Performance Budget Schema

{
 "budgets": [
 {
 "path": "/*",
 "resourceSizes": [{"resourceType": "script", "budget": 250000}],
 "timings": [
 {"metric": "lcp", "budget": 3500, "severity": "error"},
 {"metric": "cls", "budget": 0.25, "severity": "warning"}
 ]
 }
 ]
}

Fail-Fast vs Soft-Warning Logic

  • Fail-Fast: Exit 1 immediately when error severity threshold is breached. Blocks PR merge.
  • Soft-Warning: Log ::warning:: annotation, attach Lighthouse report to PR, allow merge.
  • Matrix Optimization: When structuring parallel execution and cross-branch matrix testing, integrate GitHub Actions Performance Matrices to optimize runner allocation and prevent CI bottlenecks.

Result Storage & Historical Tracking

Raw WPT outputs must be persisted, indexed, and correlated with Lighthouse CI reports for longitudinal analysis. Use object storage with lifecycle policies to manage retention costs.

Cloud Storage Bucket Policy (AWS S3)

{
 "Version": "2012-10-17",
 "Statement": [
 {
 "Effect": "Allow",
 "Principal": {"AWS": "arn:aws:iam::123456789012:role/ci-pipeline-role"},
 "Action": ["s3:PutObject", "s3:GetObject"],
 "Resource": "arn:aws:s3:::wpt-results/*"
 },
 {
 "Effect": "Deny",
 "Principal": "*",
 "Action": "s3:*",
 "Resource": "arn:aws:s3:::wpt-results/*",
 "Condition": {"Bool": {"aws:SecureTransport": "false"}}
 }
 ]
}

Metadata Indexing Schema

Field Type Example
commit_sha string a1b2c3d4...
branch string feature/perf-optimization
environment string staging
timestamp ISO8601 2024-05-20T14:30:00Z
test_id string 240520_143000_abc123

Data Retention & Pruning Cron

#!/usr/bin/env bash
# Delete results older than 90 days
aws s3 ls s3://wpt-results/ --recursive | \
 awk '{print $4}' | \
 while read -r key; do
 UPLOAD_DATE=$(aws s3api head-object --bucket wpt-results --key "$key" --query 'LastModified' --output text)
 if [[ $(date -d "$UPLOAD_DATE" +%s) -lt $(date -d "90 days ago" +%s) ]]; then
 aws s3 rm "s3://wpt-results/$key"
 fi
 done

Cross-Reference Query (WPT ↔ LHCI)

SELECT 
 w.commit_sha,
 w.test_id AS wpt_test,
 lci.report_url AS lhci_report,
 w.lcp_value,
 lci.performance_score
FROM wpt_results w
JOIN lhci_reports lci ON w.commit_sha = lci.commit_sha
WHERE w.environment = 'staging'
ORDER BY w.timestamp DESC
LIMIT 50;

When detailing cross-tool result aggregation, retention windows, and SQL/NoSQL indexing strategies, align your schema with Lighthouse CI Configuration & Storage to maintain unified dashboarding.

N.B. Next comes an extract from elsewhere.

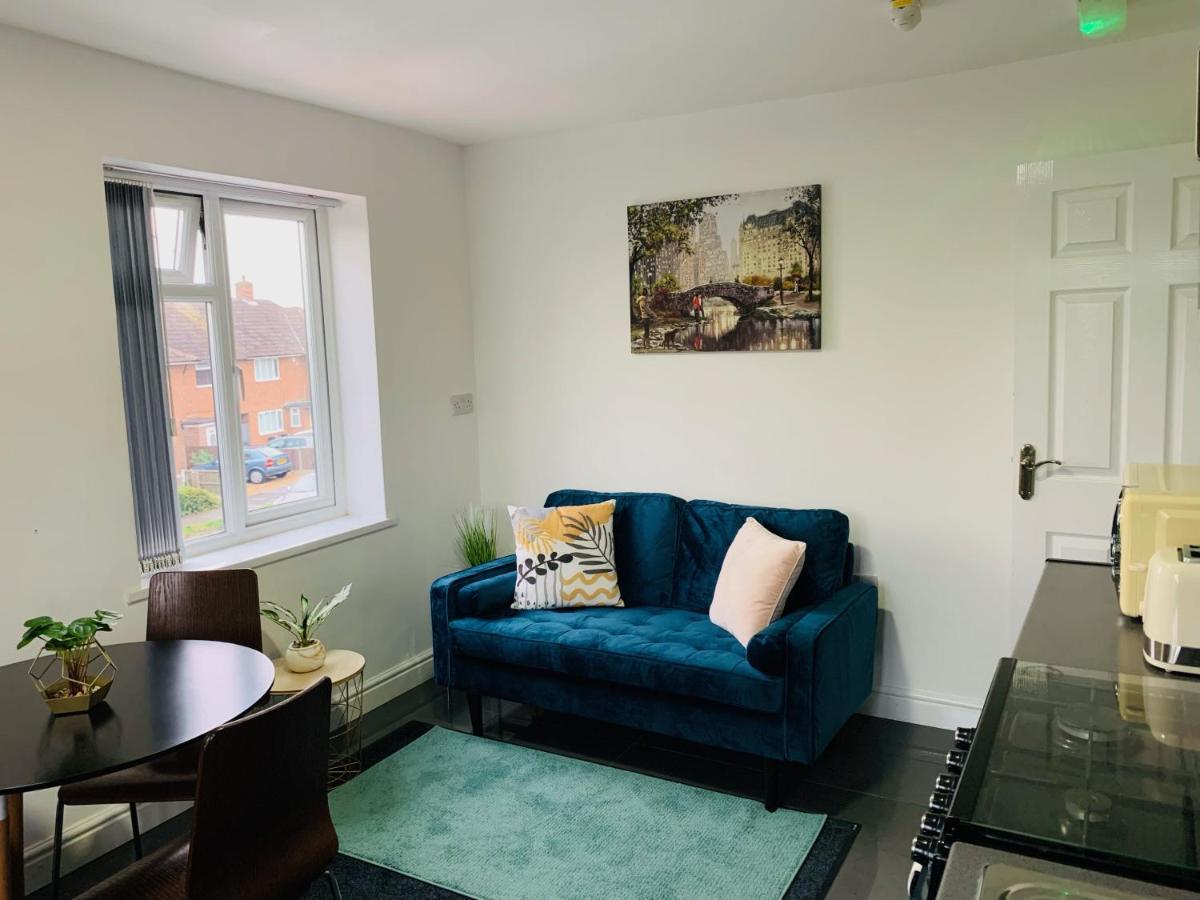Modern & Cosy 2-Bed Apartment Near Nec, Airport & Jlr! Birmingam Exterior foto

Resilience, Failure Handling & Agent Recovery

Private instances require automated watchdogs to detect agent drift, clear stuck queues, and enforce fallback routing during network degradation.

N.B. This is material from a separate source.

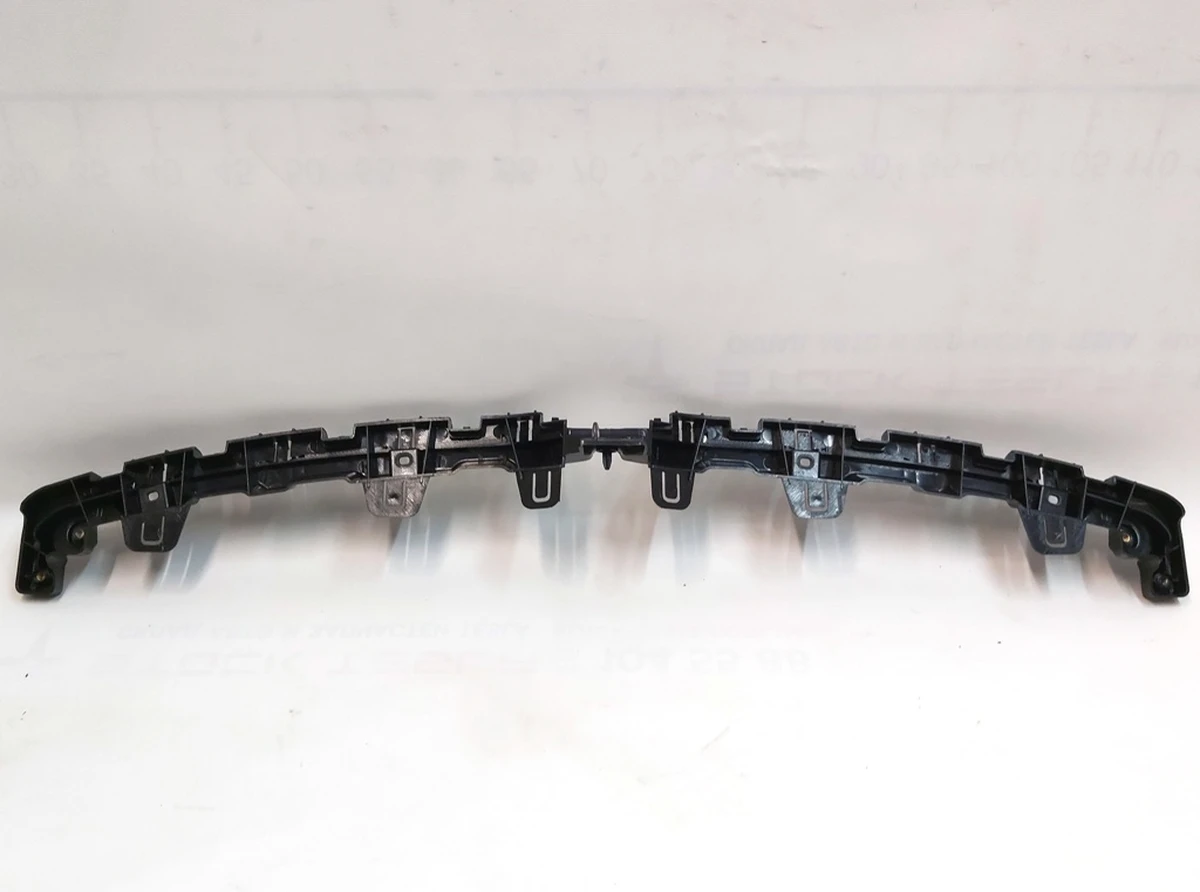 4 Кронштейн гриля напрямна бампера переднього Tesla model X 1055069-00-E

Agent Watchdog Script (Bash)

#!/usr/bin/env bash
AGENT_URL="${WPT_SERVER}/getLocations.php"
MAX_RETRIES=3
RETRY_DELAY=10

for i in $(seq 1 $MAX_RETRIES); do
 STATUS=$(curl -s -o /dev/null -w "%{http_code}" "$AGENT_URL")
 if [[ "$STATUS" -eq 200 ]]; then
 echo "Agent pool healthy."
 exit 0
 fi
 echo "Attempt $i failed. Retrying in ${RETRY_DELAY}s..."
 sleep $RETRY_DELAY
done

echo "Agent pool unresponsive. Triggering restart..."
systemctl restart wpt-private-instance

Exponential Backoff Configuration

retry_policy:
 max_attempts: 4
 initial_interval: 5s
 max_interval: 60s
 multiplier: 2.0
 jitter: true

Log Parsing Regex (Common Failures)

# Browser crash
\b(?:ERR_CONNECTION_REFUSED|ERR_NETWORK_CHANGED|WebDriverError)\b
# Queue timeout
\b(?:Test execution timed out|No agent available for location)\b
# HAR corruption
\b(?:Invalid HAR format|Missing entries array)\b

Graceful Degradation Fallback Matrix

Failure Mode Fallback Action CI Impact
Single Agent Crash Auto-restart via watchdog None (queue rebalances)
Location Unavailable Route to secondary region +15s latency, soft warning
Redis Queue Full Pause CI trigger, alert Slack Hard fail after 5m
Network Partition Cache last known baseline, skip test Soft warning, manual review

When implementing fallback routing and CI retry logic for flaky network conditions, apply Handling WebPageTest Location Failures to prevent pipeline deadlocks and ensure deterministic pass/fail states.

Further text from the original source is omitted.